EXERCISE DETAILS:
Go through the listing below and write out exactly the lines from the one that mentions "Até o início" through the one that mentions "Autunno inverno bambini", minus the pictures.

RECORDS FOR THE TASK:
↓↓↓
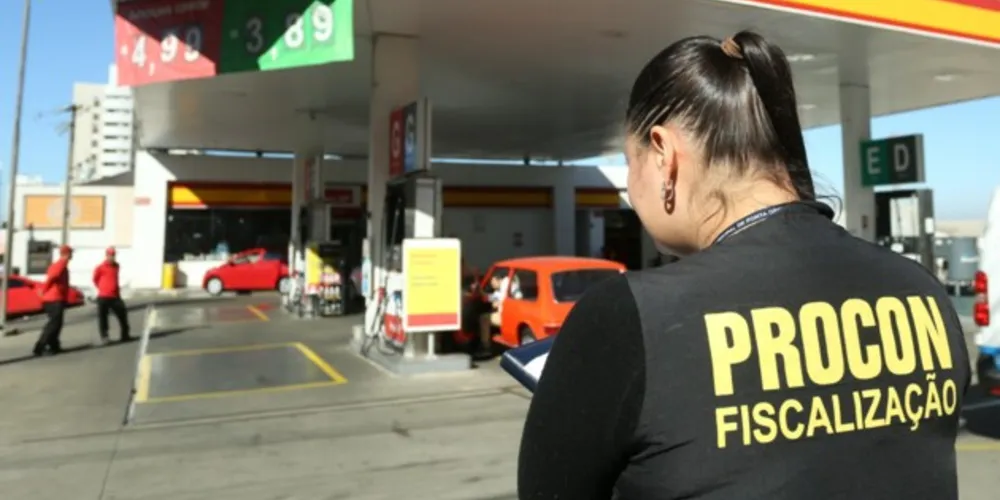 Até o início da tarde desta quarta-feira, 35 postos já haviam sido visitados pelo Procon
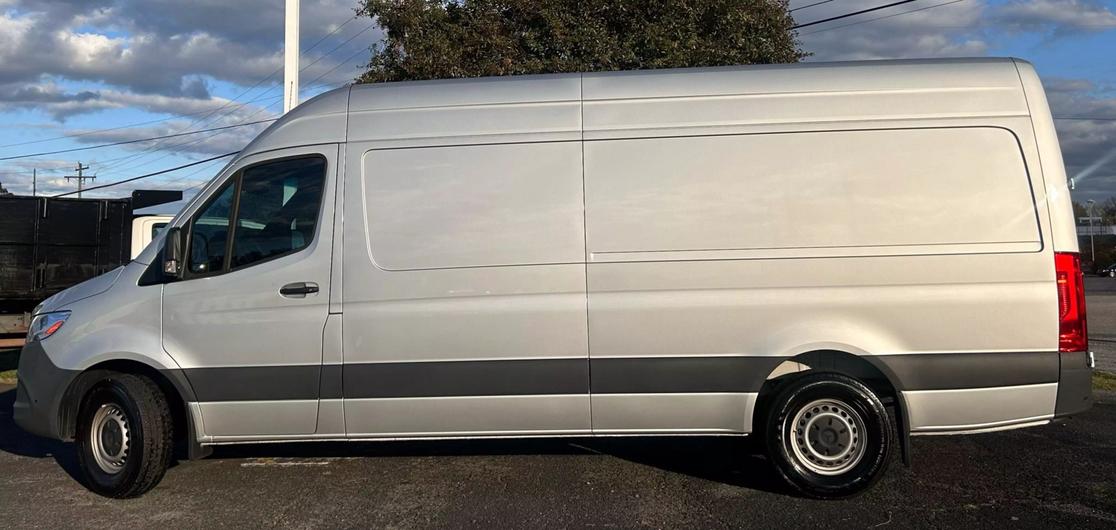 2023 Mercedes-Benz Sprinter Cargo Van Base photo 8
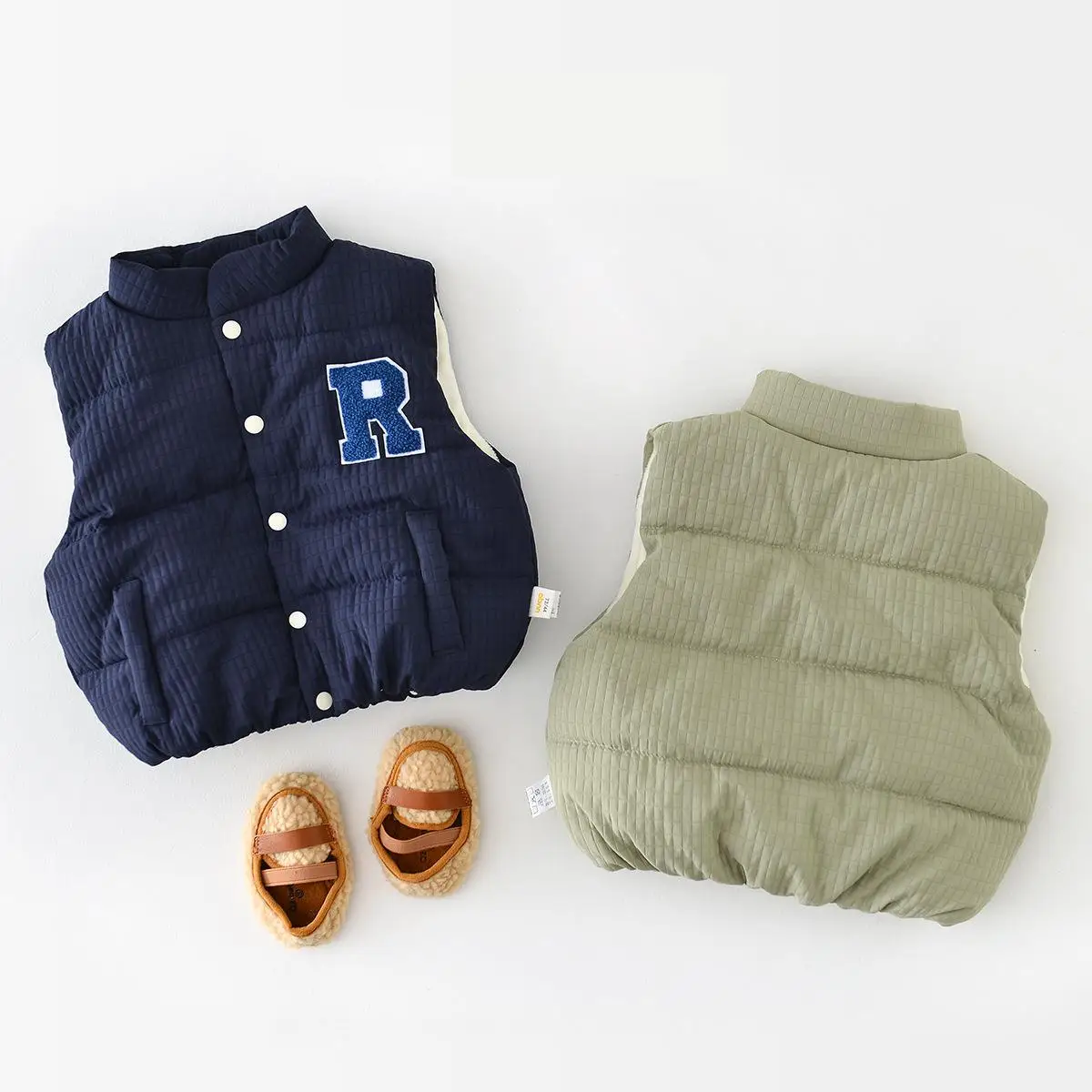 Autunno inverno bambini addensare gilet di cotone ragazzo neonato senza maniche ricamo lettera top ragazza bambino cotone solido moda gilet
↑↑↑
↓↓↓
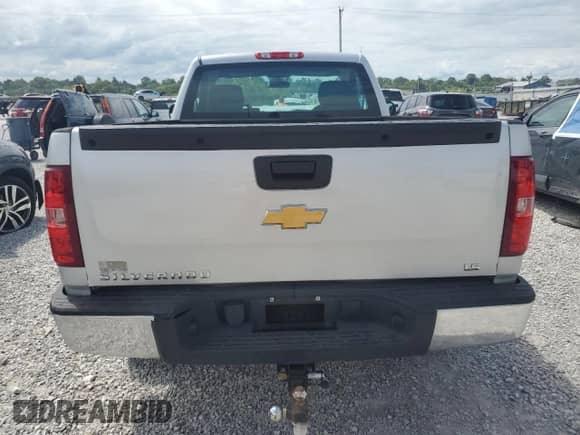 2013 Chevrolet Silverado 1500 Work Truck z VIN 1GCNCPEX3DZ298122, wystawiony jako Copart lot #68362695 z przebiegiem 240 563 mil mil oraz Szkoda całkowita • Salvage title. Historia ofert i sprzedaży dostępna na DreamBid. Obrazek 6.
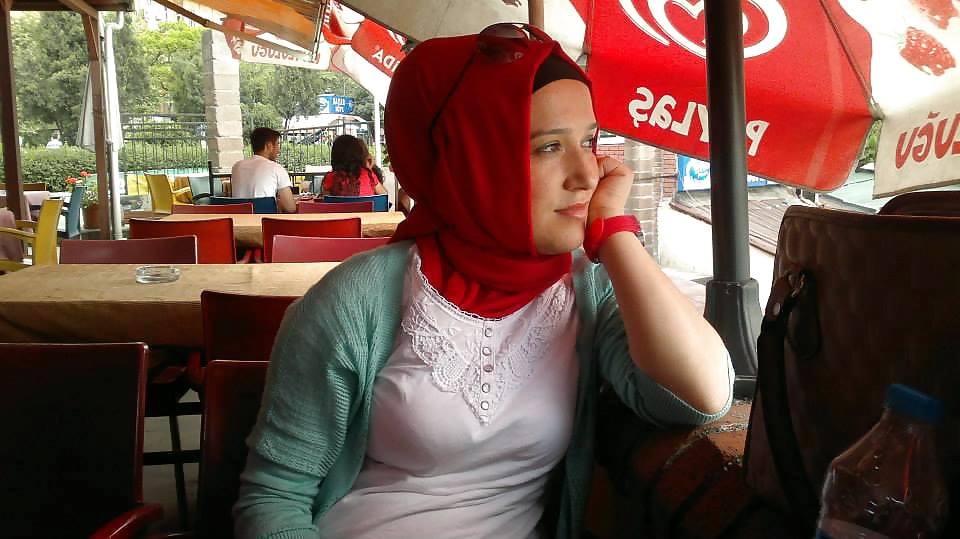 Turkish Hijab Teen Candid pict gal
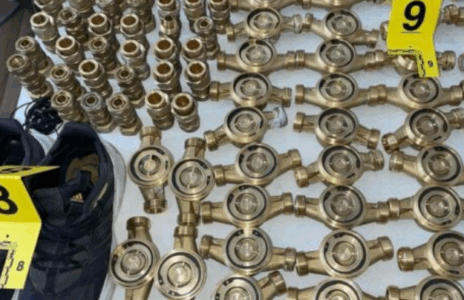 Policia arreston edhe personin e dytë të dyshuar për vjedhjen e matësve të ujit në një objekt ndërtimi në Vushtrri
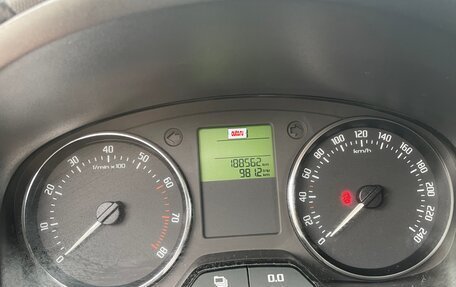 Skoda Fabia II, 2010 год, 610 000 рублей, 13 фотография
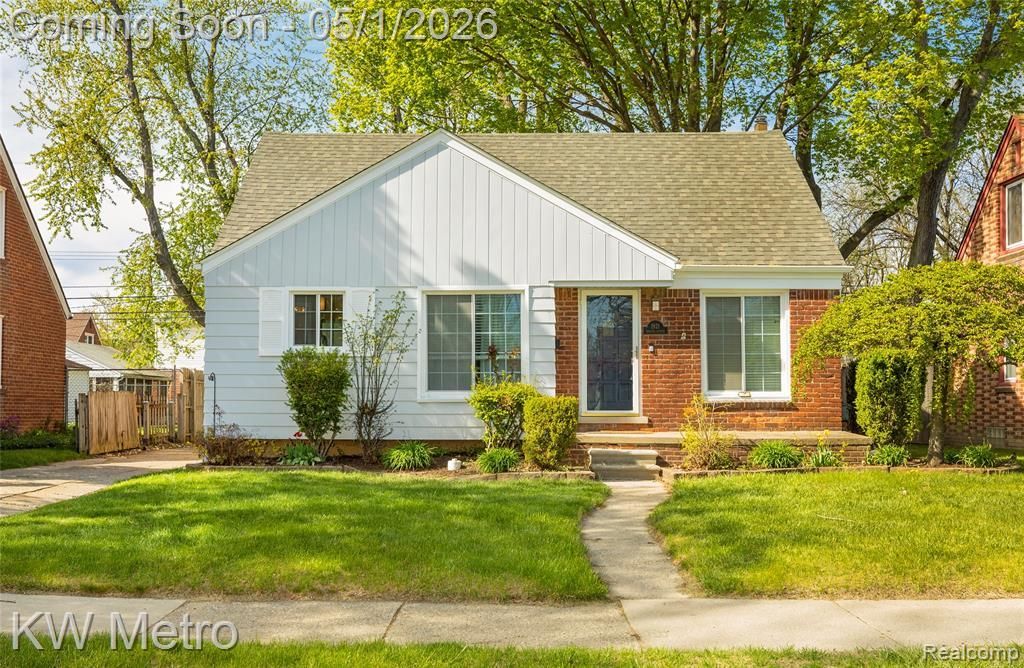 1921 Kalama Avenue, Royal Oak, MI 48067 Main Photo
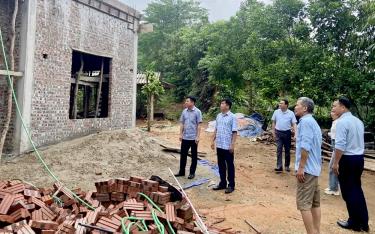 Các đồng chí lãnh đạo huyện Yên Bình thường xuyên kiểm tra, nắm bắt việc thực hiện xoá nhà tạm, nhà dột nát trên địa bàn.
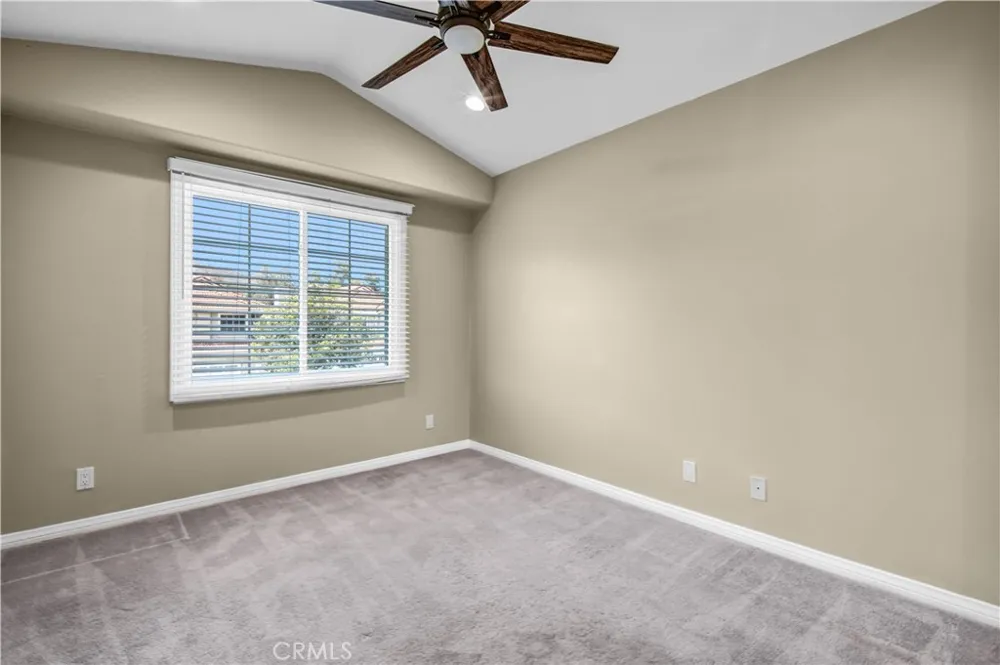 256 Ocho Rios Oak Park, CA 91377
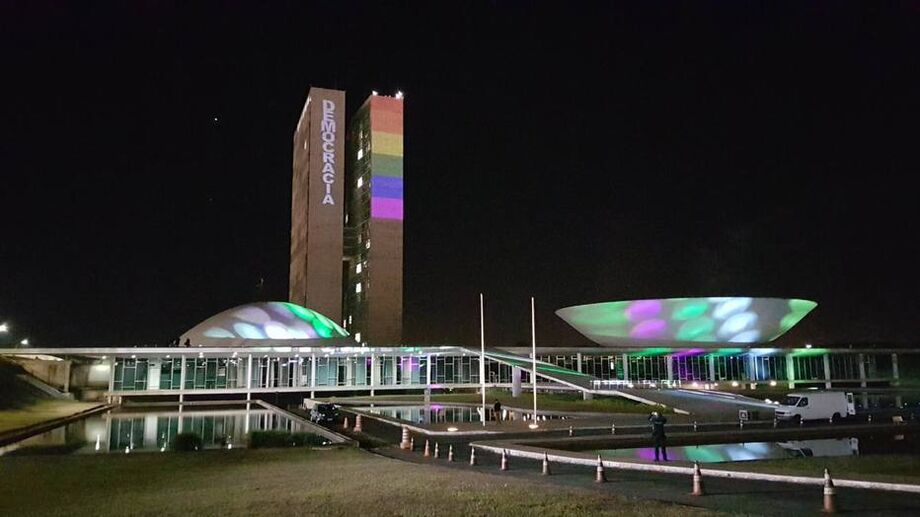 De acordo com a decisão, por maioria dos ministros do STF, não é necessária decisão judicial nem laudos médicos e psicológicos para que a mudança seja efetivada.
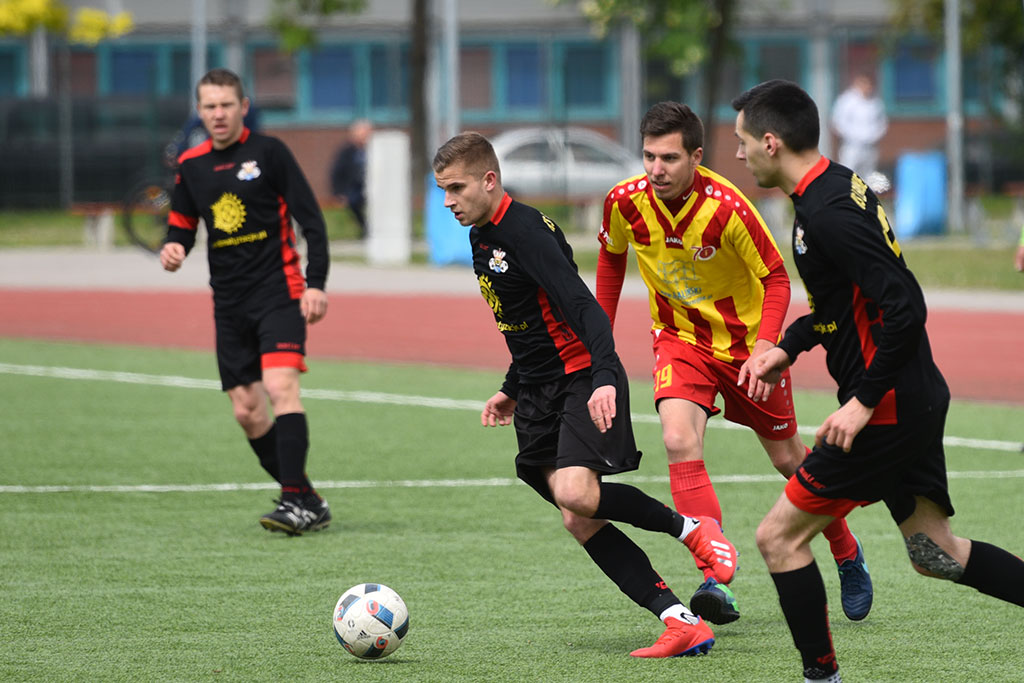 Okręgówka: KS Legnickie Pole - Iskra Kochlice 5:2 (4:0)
↑↑↑
WRITTEN RESPONSE:
 Até o início da tarde desta quarta-feira, 35 postos já haviam sido visitados pelo Procon
 2023 Mercedes-Benz Sprinter Cargo Van Base photo 8
 Autunno inverno bambini addensare gilet di cotone ragazzo neonato senza maniche ricamo lettera top ragazza bambino cotone solido moda gilet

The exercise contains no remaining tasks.